Many famous people have visited the store, from the greatest perfume “noses” to famous authors to actors to diplomats to heads of state. Many have become friends or loyal customers, usually both. Even the most well known celebrities can be touched by something as simple as smelling a truly fine fragrance and appreciating its beauty. Several famous people have recently said the very same thing to Chris when trying the Private Reserve rose perfume: “My life will never be the same!” And indeed it never is, for any of us who cross paths with Chris and his enchanted shop. Perfume is so profoundly personal, and each one has special meaning to the wearer. I was going to ask Chris for a list of his favorites for this article – he said that would mean nothing to other people, as they are different for everyone, and besides, if he did not like them they would not be in his shop – he likes them all! Each one with its own story, each one unique and special, from a simple, inexpensive floral eau de toilette made from English bluebells to a flacon of pure perfume encased in Baccarat crystal and costing over a thousand dollars, every scent means something to someone
Just wandering around the store looking at the array of beautiful atomizers and the sheer number of perfumes (about 1,600 for women now, and 800 for men) fires up the perfume lover’s imagination, for here are things once thought long lost, or rare things never even dreamed of. There are vintage scents in their original packaging, many of which were once sold in the shop but have gone out of production and are too precious to sell. Others are from the owners’ private collection of rarities and are truly antiques. Some are familiar to many: Indiscret by Lucien Lelong, Shocking by Schiaparelli, Fidji by Guy Laroche, and Carven’s Ma Griffe. Others reach even further back in time – Crepe de Chine by Millot, Nuit de Longchamp by Lubin, Fantasque by d’Orsay, and of course the real Coty originals such as Masumi, Emeraude and L’Origan, from long before the sad decline of the great Coty house into drugstore oblivion. (Vintage Rochas Femme, one of the true fragrance masterpieces, is locked away in a glass cabinet, but the shop carries the full Rochas line, and Femme is still around, though it has been reformulated.) There are even perfumes named Demona and Demonette, by Lola Beer, now lost to obscurity. (One wonders just how “dangerous” these two smelled; was it more or less so than Guy Laroche’s Clandestine?)

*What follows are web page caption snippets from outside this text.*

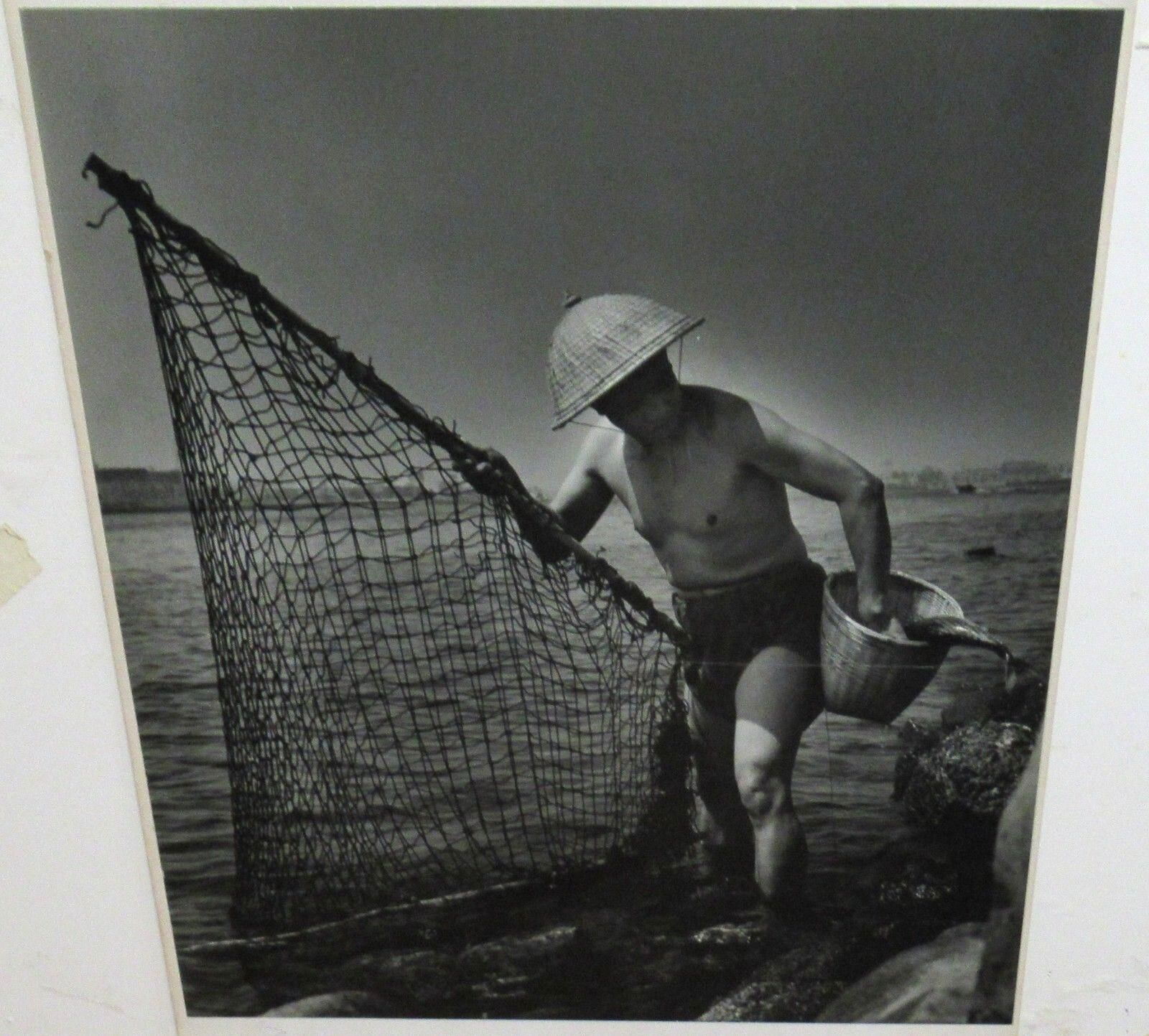 JOHN H.RUDD FISHERMAN REDONDO BEACH ORIGINAL BLACK AND WHITE PHOTOGRAPH 1958 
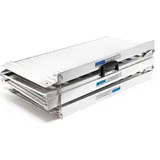 Wiltec Rollstuhlrampe doppelt faltbar 244 cm 270 kg Gehhilfe Aluminium schwarz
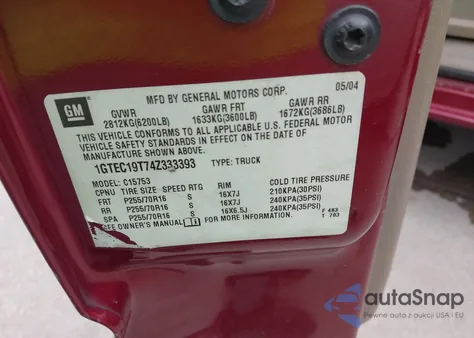 2004 GMC Sierra 1500 Sle z USA, uszkodzony, nr VIN 1GTEC19T74Z333393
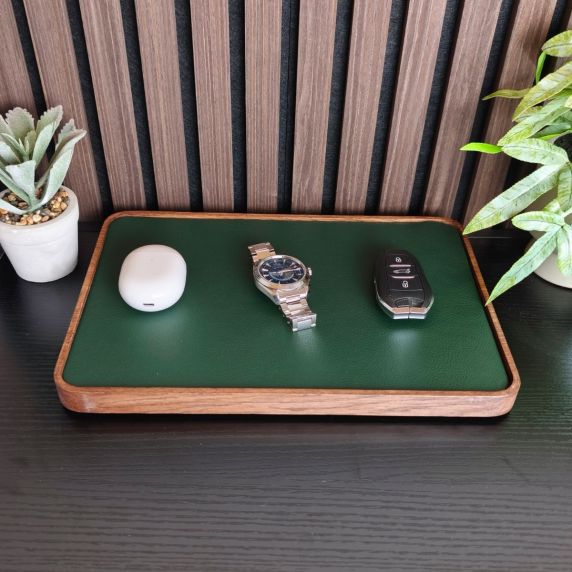 Morelund Tray in Dark Wood/Green Leather MO6103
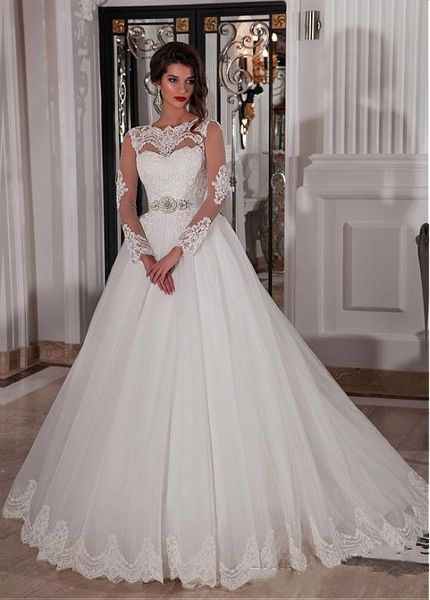 simple long sleeves wedding dresses lvory dubai african bridal gowns with jewel neck covered button crystal belt sweep train dh4200, White
simple long sleeves wedding dresses lvory dubai african bridal gowns with jewel neck covered button crystal belt sweep train dh4200, White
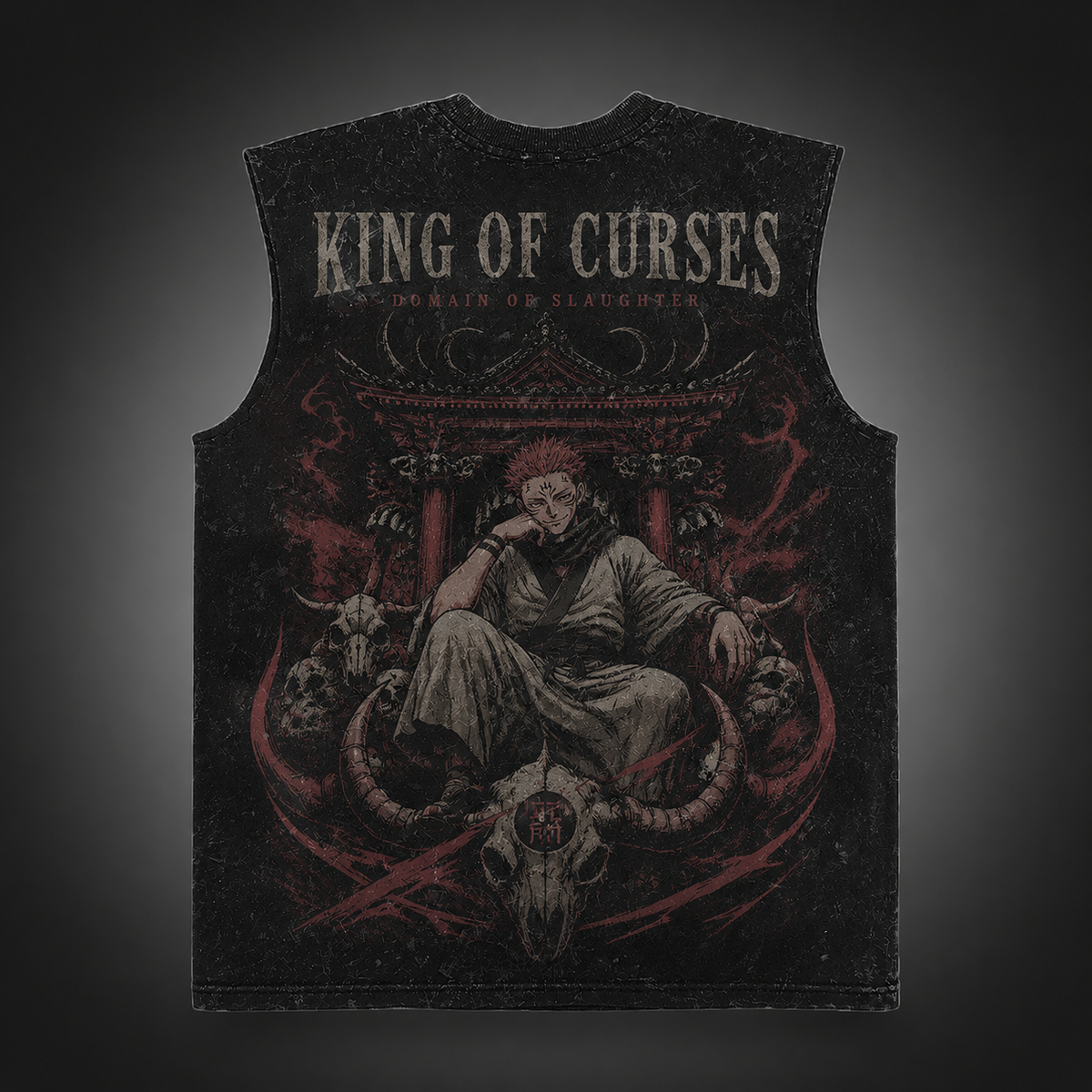 Sukuna Jujutsu Kaisen Anime Tank Top - King Of Curses Acid Wash Vest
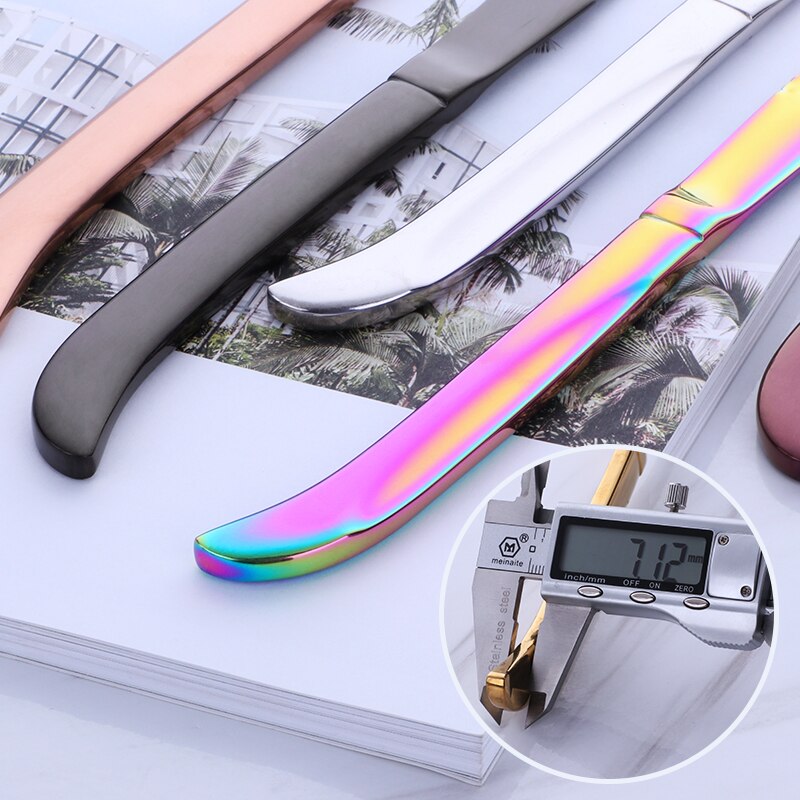 6 stk/sæt bøfkniv sæt rustfrit stål sort guld bordknive spisestel hjemme bøf kniv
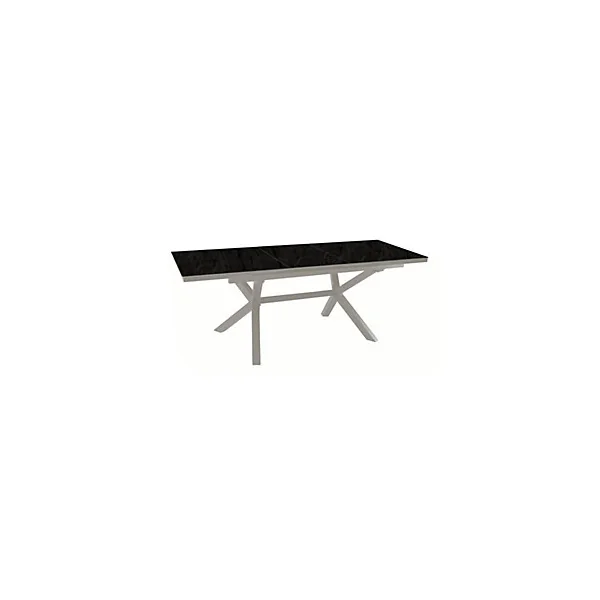 Table de jardin extensible Absolu crème céramique Filata Proloisirs L.180/240 x l.100 x H.76,5 cm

One very special story happened just this year. One evening, as Chris and Christina were closing up the shop for the night, a man appeared at the door. He asked only what time the store opened the next day. Chris told him ten o’clock, and at five minutes after the hour the next morning five people came in, three men and two women. One of them was the man from the previous night. They said they had made a special trip to see the shop. Further inquiries revealed that they were Russian opera stars, in the U.S. for their annual concert engagements in San Francisco and New York, one night only in each city. They had been told back in Russia that the only place to go to find the Russian perfumes made for the Czars was here. (See my description of these in Part One.) He told them that they were not for sale, but they said that was fine, they just wanted to see and smell them. In fact, they had made a VERY special trip to Portland – instead of the transatlantic route they usually took, this time they had gone the trans-Siberian Pacific way and landed in Seattle and then hopped a flight to Portland, after which they had driven their rental car back and forth from their hotel to the Perfume house five times to make sure they would not get lost the next day! Needless to say, Chris was very happy to show them the Russian rarities, and they each bought something to take home as well.
When it was time for them to go, they said they wanted to do something special to show their appreciation. Chris was afraid they would miss the only plane to San Francisco and told them they had to hurry. But they were determined, and told him they wanted to give him a gift “from the heart.” They formed a semi-circle around him, and then they began to sing. Mind you, these were the finest voices in Russia. Then a most wondrous thing happened – a ringing sound began and soon was joined by another, until high, lovely bell-like tones were echoing all around the room. (Chris said, “ I thought maybe I had been drinking the perfume instead of smelling it!”) What was happening here? Over the years, the owners have collected a number of fine Fabergé crystal eggs, which are placed in various nooks and glass display cabinets throughout the store. The pure notes and perfect vibrato of the singing caused the high quality crystal in the eggs to vibrate in response, and they continued to do so for about twenty minutes after the music stopped. The singers knew this would happen, and they smiled at the pleasure they had given back. Next time, they are going to arrange to come a day earlier so they can spend more time at the shop.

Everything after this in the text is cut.